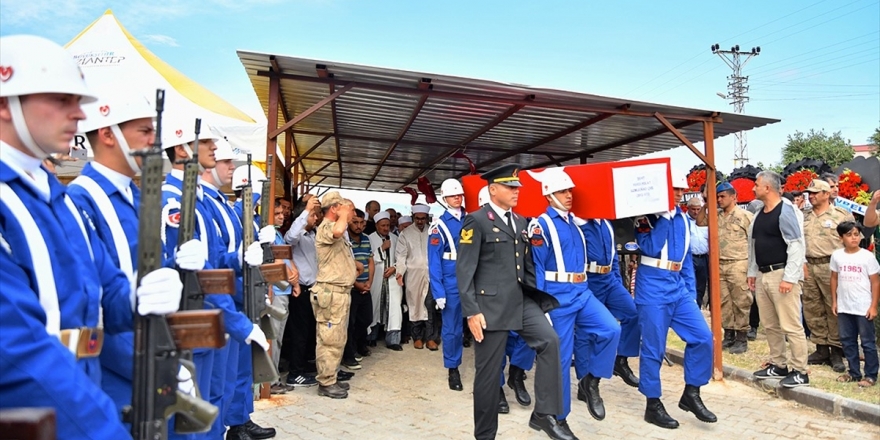 Şehit Uzman Çavuş Polat Son Yolcuğuna Uğurlandı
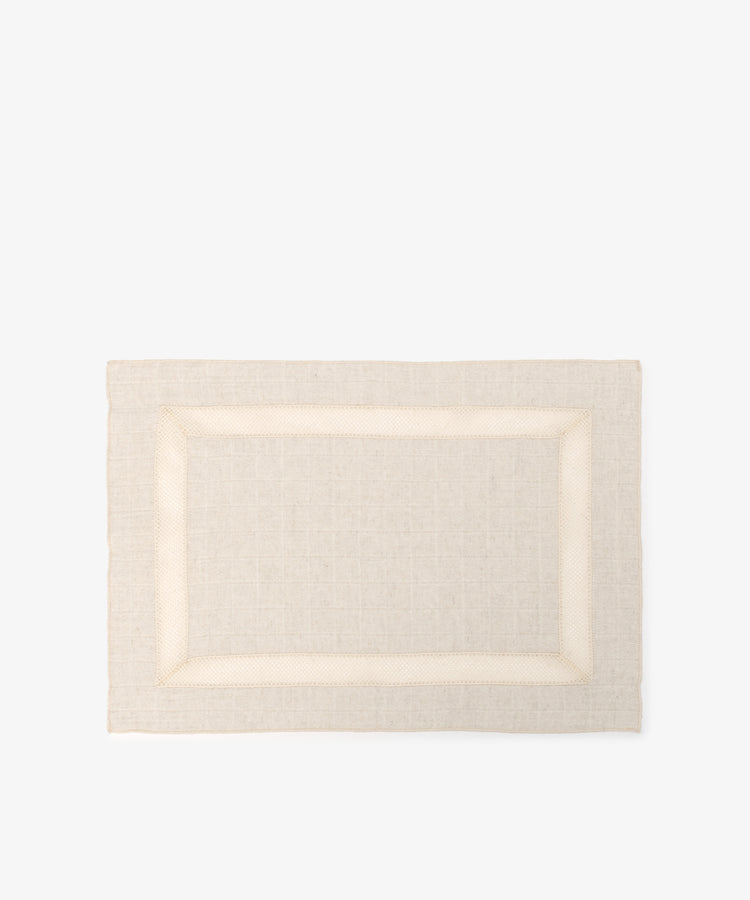 Set of 6 Renda Placemats in rectangular beige linen, each with a textured border, displayed on a plain white background.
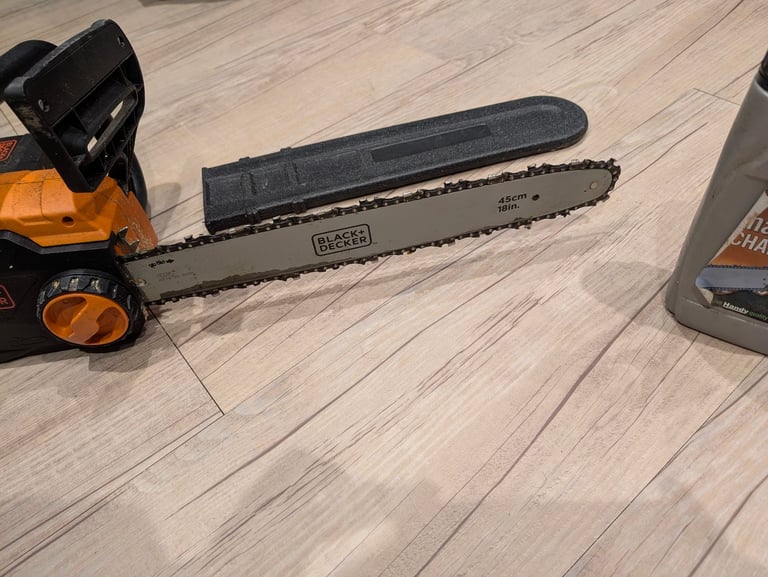 image for BLACK DECKER Chainsaw + Oil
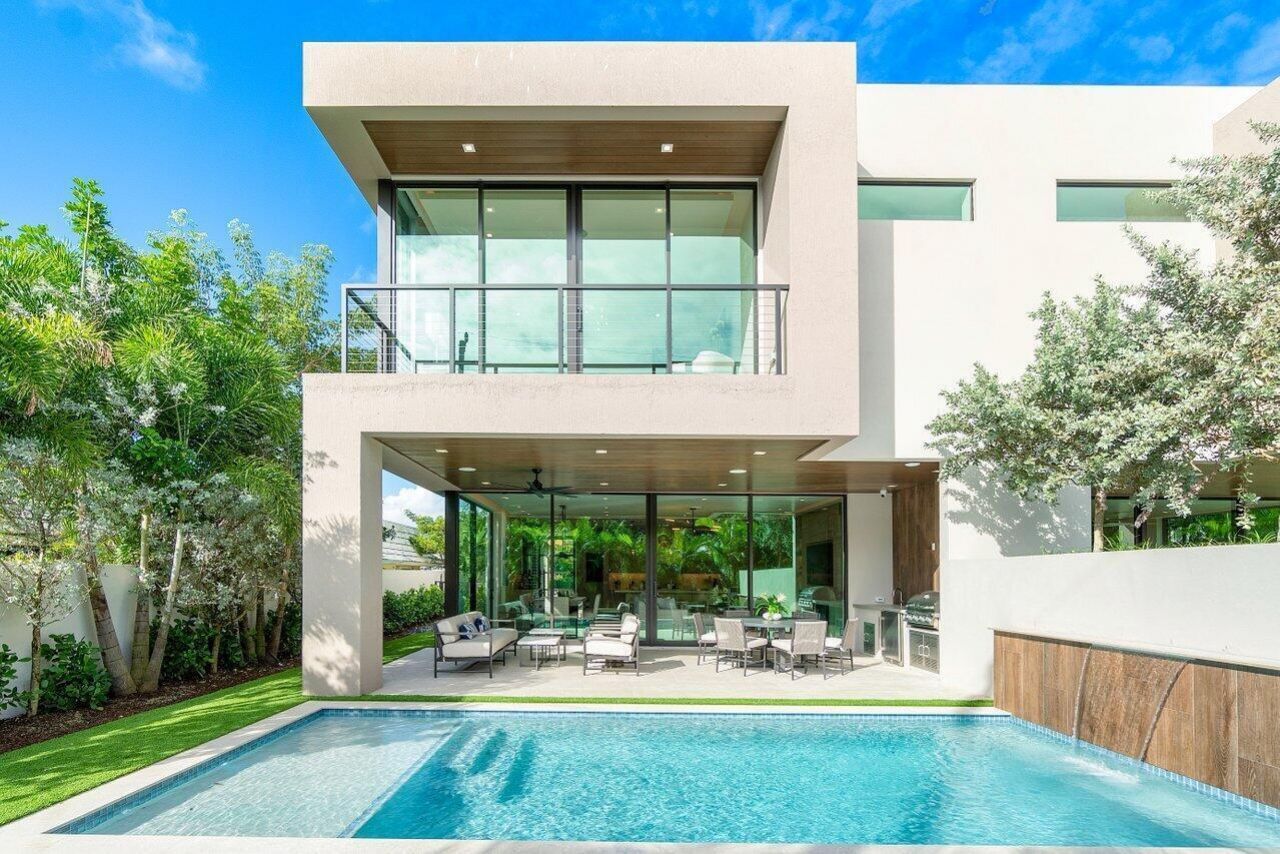 140 NE Wavecrest Way, Boca Raton, FL 33432 Photo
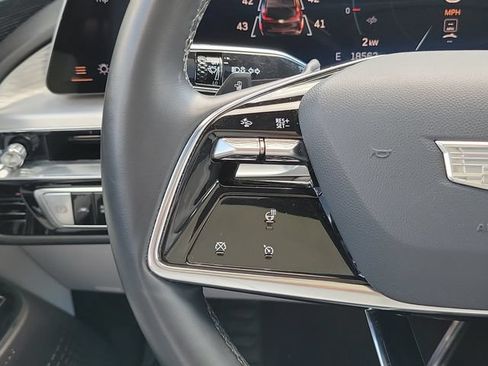 Certified 2024 Cadillac Lyriq Luxury AWD/4WD image 11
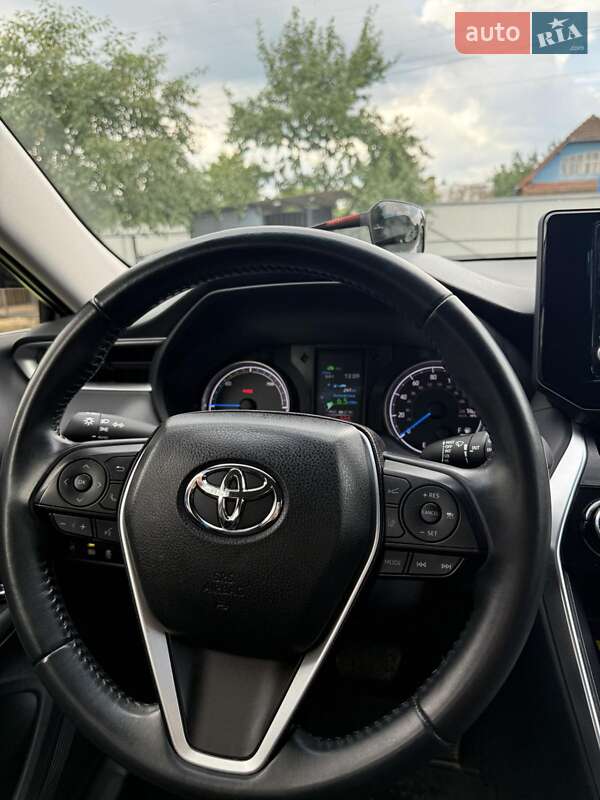 Позашляховик / Кросовер Toyota Venza 2021 в Вижниці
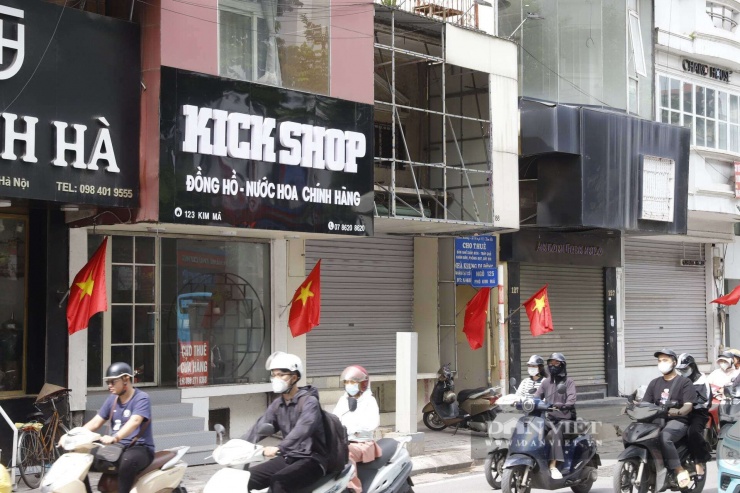 Tại phố Kim Mã, hàng loạt mặt bằng lớn từng là cửa hàng thời trang hay các mặt bằng rộng hàng trăm mét vuông cửa đóng im ỉm suốt nhiều tháng trời.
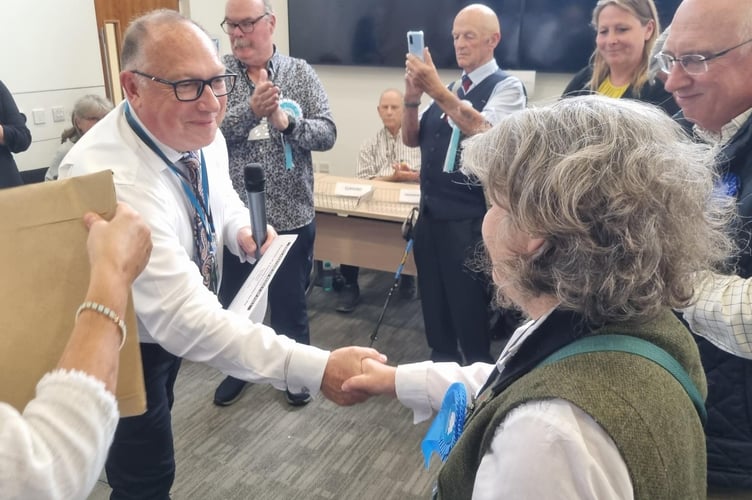 Debo Sellis was elected for the Conservative Party with 1,316 votes.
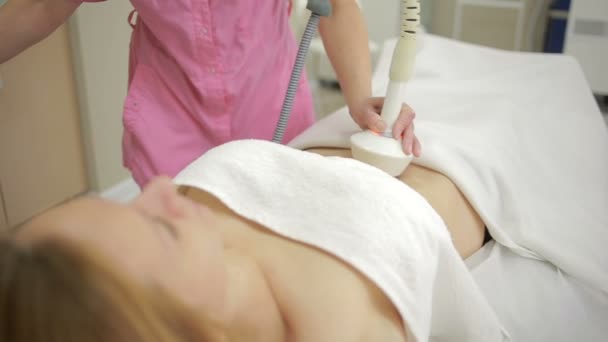 Cosmetologia de hardware. mulher recebendo rf procedimento de elevação em um salão de beleza . — Vídeo de Stock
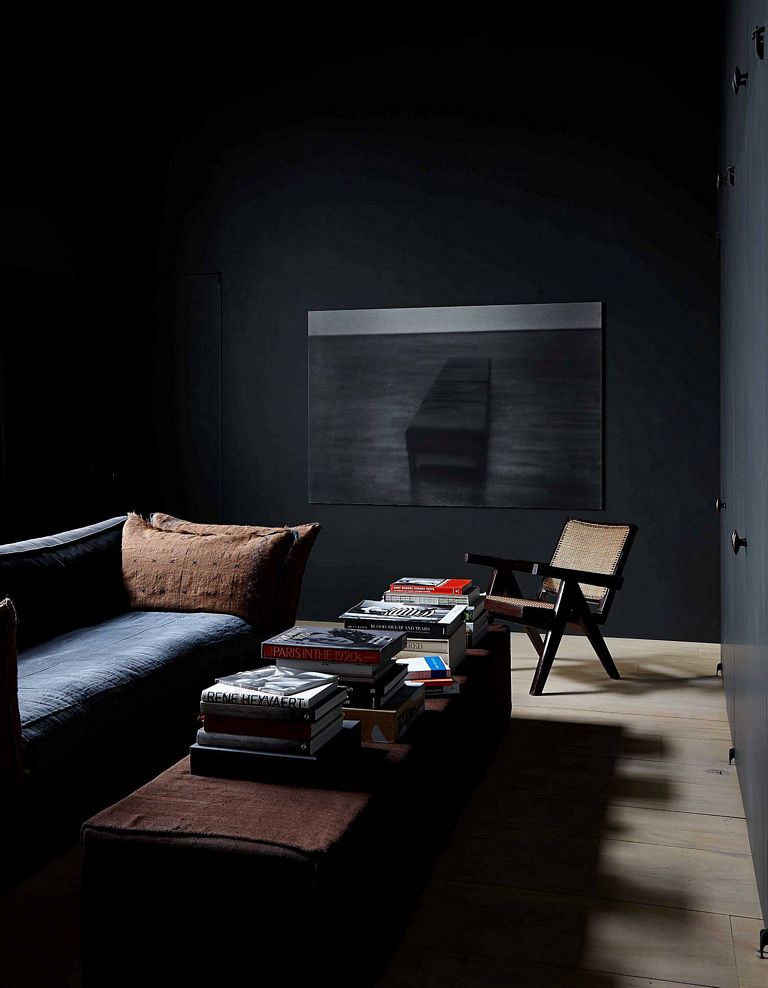 VVD II Residence, Antwerp, Belgium by Vincent van Duysen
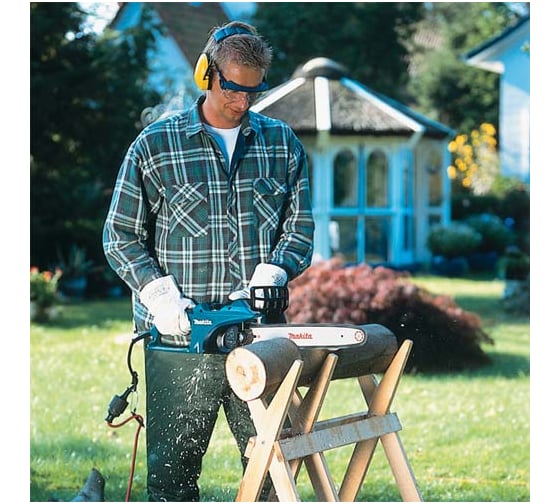 Цепная электропила Makita UC4020A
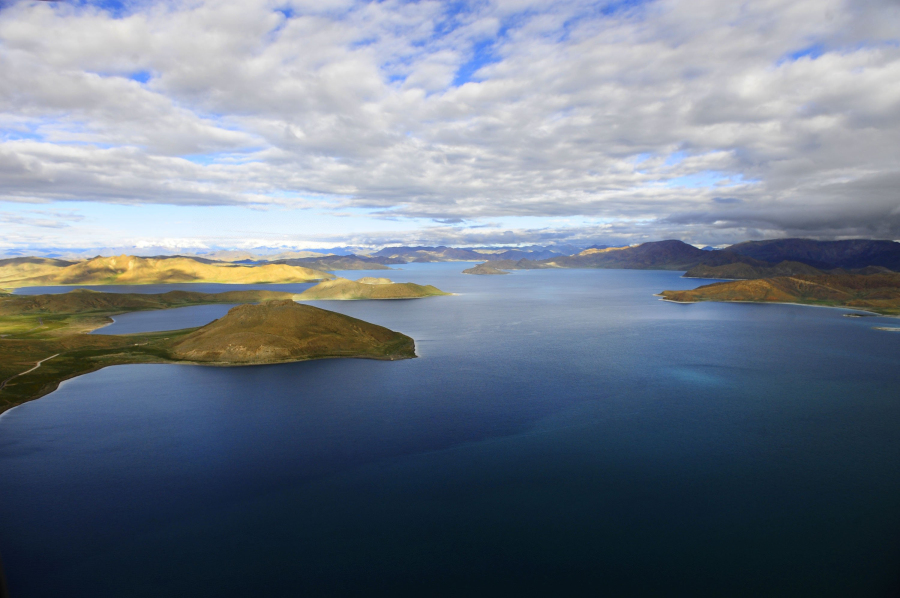 Vue aérienne du lac Yamzho Yumco au Tibet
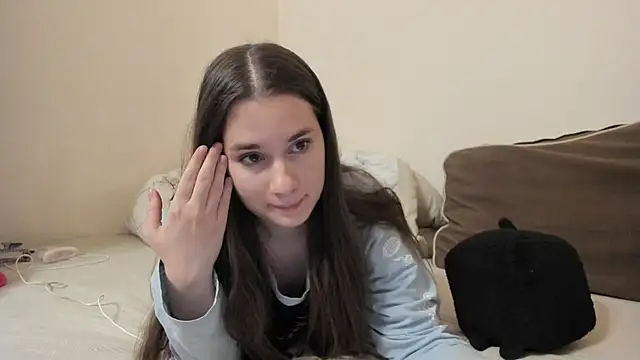 Snapshot of LunaWines chatting on 13, 2, 2026 LunaWines online show from 13, 2, 2026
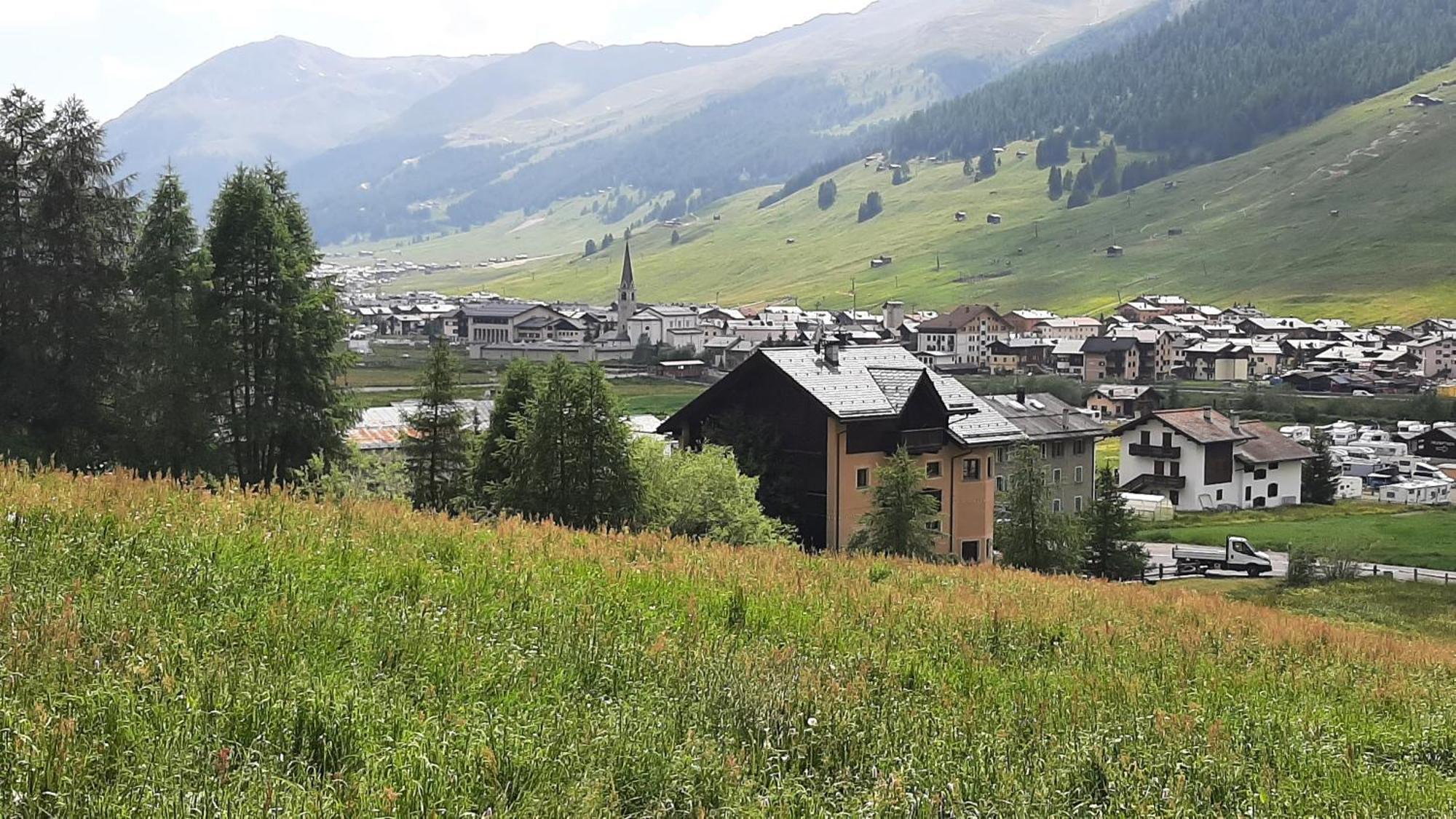 Chalet Rin Da Pemont Livigno Exterior photo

• • •

(Exercise description) Every entry in the listing is to be duplicated precisely, except for its pictures.

(Answer below)
 Şehit Uzman Çavuş Polat Son Yolcuğuna Uğurlandı
 Set of 6 Renda Placemats in rectangular beige linen, each with a textured border, displayed on a plain white background.
 image for BLACK DECKER Chainsaw + Oil
 140 NE Wavecrest Way, Boca Raton, FL 33432 Photo
 Certified 2024 Cadillac Lyriq Luxury AWD/4WD image 11
 Позашляховик / Кросовер Toyota Venza 2021 в Вижниці
 Tại phố Kim Mã, hàng loạt mặt bằng lớn từng là cửa hàng thời trang hay các mặt bằng rộng hàng trăm mét vuông cửa đóng im ỉm suốt nhiều tháng trời.
 Debo Sellis was elected for the Conservative Party with 1,316 votes.
 Cosmetologia de hardware. mulher recebendo rf procedimento de elevação em um salão de beleza . — Vídeo de Stock
 VVD II Residence, Antwerp, Belgium by Vincent van Duysen
 Цепная электропила Makita UC4020A
 Vue aérienne du lac Yamzho Yumco au Tibet
 Snapshot of LunaWines chatting on 13, 2, 2026 LunaWines online show from 13, 2, 2026
 Chalet Rin Da Pemont Livigno Exterior photo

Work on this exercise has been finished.